2021年の東京オリンピックでは、空手の日本代表チーム初のアナリストとして、データ分析・活用を通して選手をサポートさせてもらいました。
アナリストの仕事を端的に説明すると、競技のなかで起こっているあらゆることを数字にし、感覚ではなく確かなデータとして可視化していくことです。そのデータを使って、現状の把握はもちろん、さらなる躍進に必要な要素、効果的な戦略立案のヒントを探ります。
野球やラグビーなど、球技スポーツではすでにメジャーな職種なんですよ。
代表チーム初のアナリストを務められたとのこと、参画にあたって障壁はあったのでしょうか?
やはり初めての取り組みですから、必要性を理解してもらうための工夫は必要でしたね。
具体的には、初めから改善案を提言するのではなく、まずはデータの提示にとどめました。現在の日本代表選手の強さ、弱さはどんな点にあるのかを整理し、スタッフに伝えたんです。その内容にチーム全体が納得してくれて、本格的に携わることになりました。
ちなみに、代表チームへの提案にあたっては、同じ武道である柔道のアナリストの方に相談へ伺いました。そこでさまざまなアドバイスをいただけたおかげで代表チームへのスムーズな参画につながったので、事前にしっかり準備をしておいてよかったです。
大徳監督がアナリストの道を開拓することになったきっかけを教えてください。
大東文化大学のスポーツ科学科のゼミで、野球の研究をしている先生に師事したことがきっかけです。先生の研究について話しているなかで、「空手の場合はどうなの?」と質問される機会がありました。そのコミュニケーションをヒントに、統計学やゲーム理論の知識も活用しながら、空手の分析をするようになって。それがアナリストとしての一歩でしたね。

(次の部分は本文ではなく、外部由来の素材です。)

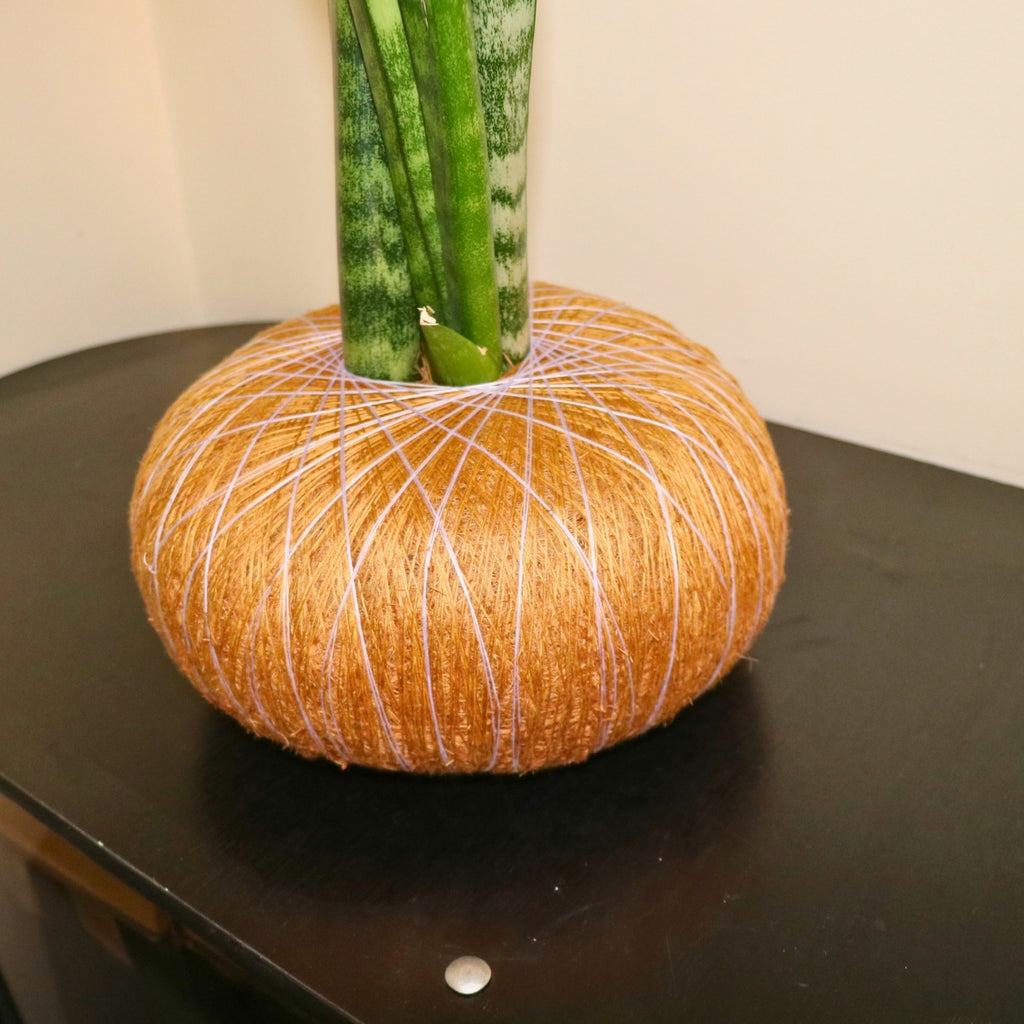 Kokedama de Sansevieria grande – Purificadora Natural de Fácil Cuidado
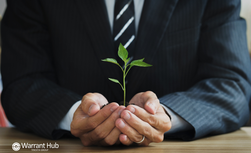 Sabatini Green e Transizione 5.0: un supporto integrato per gli investimenti delle imprese - Warrant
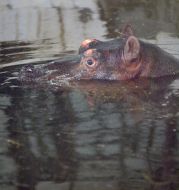 Hippopotamus female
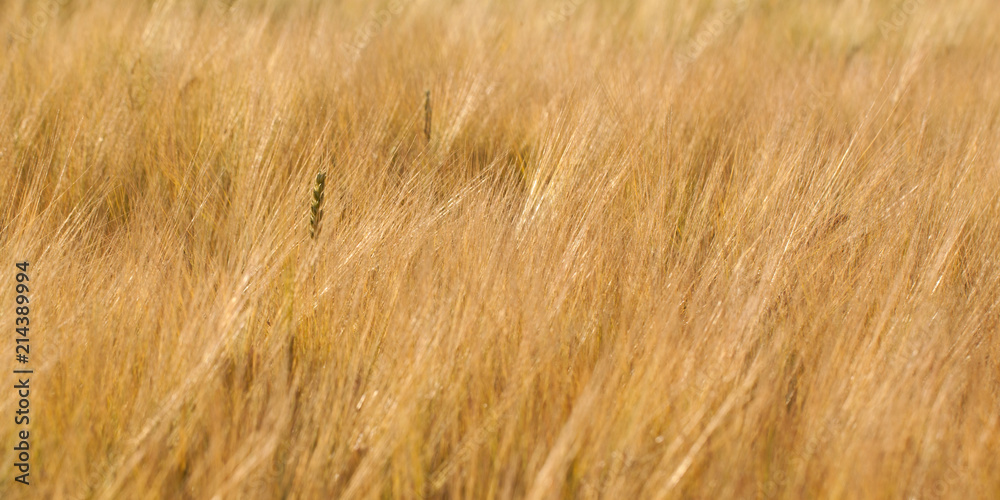 ears of rye in a summer sunny field ears of rye in a summer sunny field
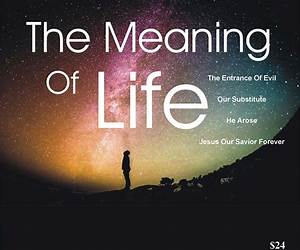 The Meaning of Life: Conversations On Love, Beliefs, Morality, Grief and Everything in Between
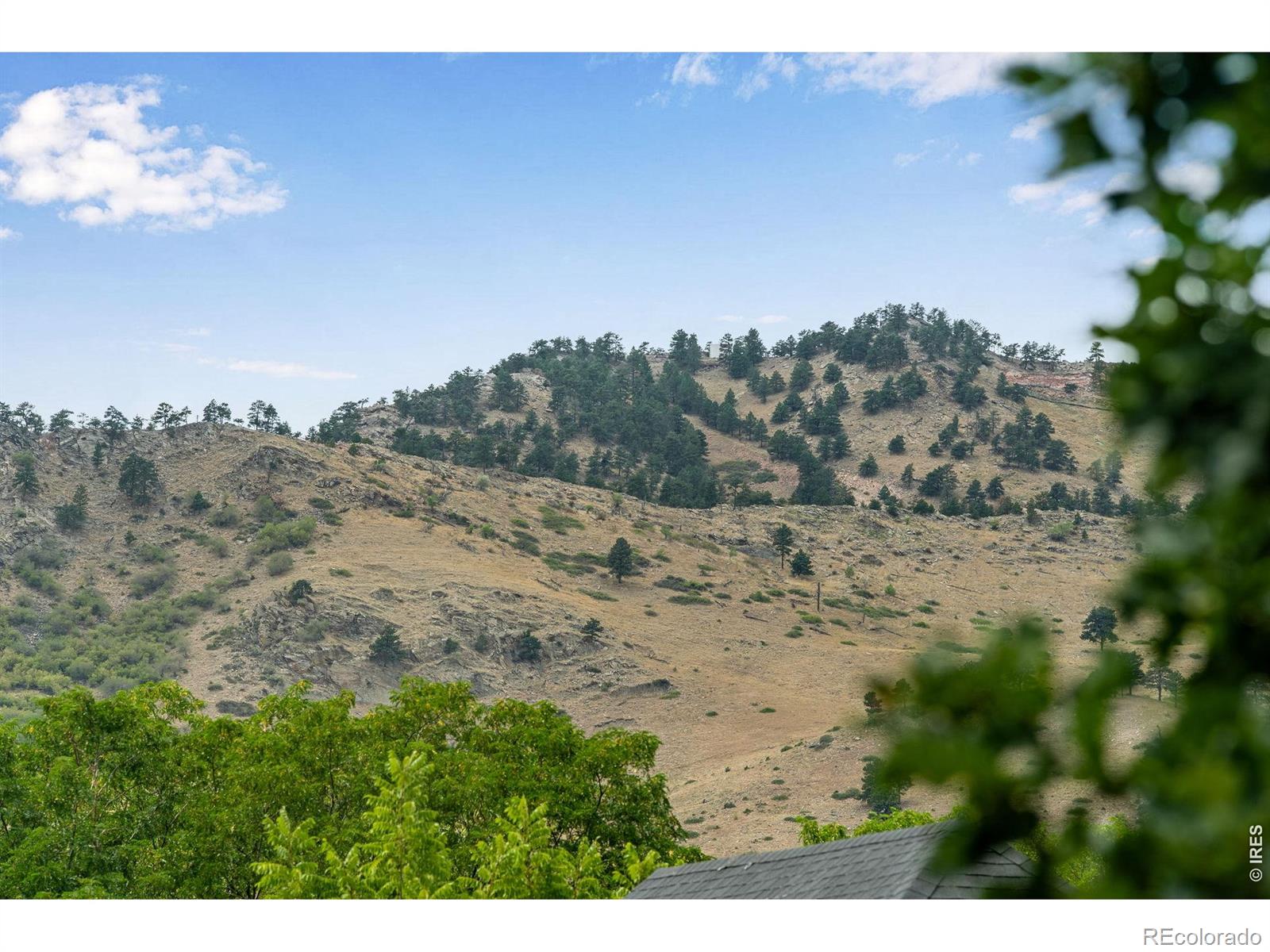 MLS Image #44 for 3955  broadway street,boulder, Colorado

空手道部で、自分で考え、困難を乗り越える力を身につけてほしい
空手道部の監督に就任されて、どんな気づきがありましたか?
私はこれまで、いい指導者の条件は「選手に答えを示せること」だと思っていました。しかし、実際に自分が指導者になった今は、「選手に多くのヒントを与えられること」だと考えを改めています。
監督になりたての頃は、熱心に指導しなければという想いから、部員たちに強い口調で厳しい言葉をかける機会もたくさんありました。彼らに課したハードルも高かったと思います。しかし、それではついてこられない学生がたくさん出てきてしまいました。
そこで部員たちと腹を割って話し合い、ときには口論もして、チームが強くなるために必要なことを一緒に考えたんです。その結果、自分のスタンスを転換。同じ目線に立ち、「彼ら自身が考えること」を尊重するようになりました。
考え方の擦り合わせは痛みも伴う作業でしたが、お互いに学びがあり、結果的に部員たちとの関係も改善したので、取り組んでよかったと思っています。
空手道部の活動をとおして、部員たちにどんなことを学んでほしいですか?
今の時代、指示されたことをこなすだけの人材は、社会ではなかなか活躍できません。部員たちには、常に自分の頭で考えて、壁を超えていく力を身につけてほしいですね。
指導にあたって答えではなくヒントを与えること、学生と目線を合わせることの背景には、そんな想いがあります。彼らが恐れずに自分の意見を発信し、トライできる環境を用意することで、能動的に動く力を磨いてほしいなと。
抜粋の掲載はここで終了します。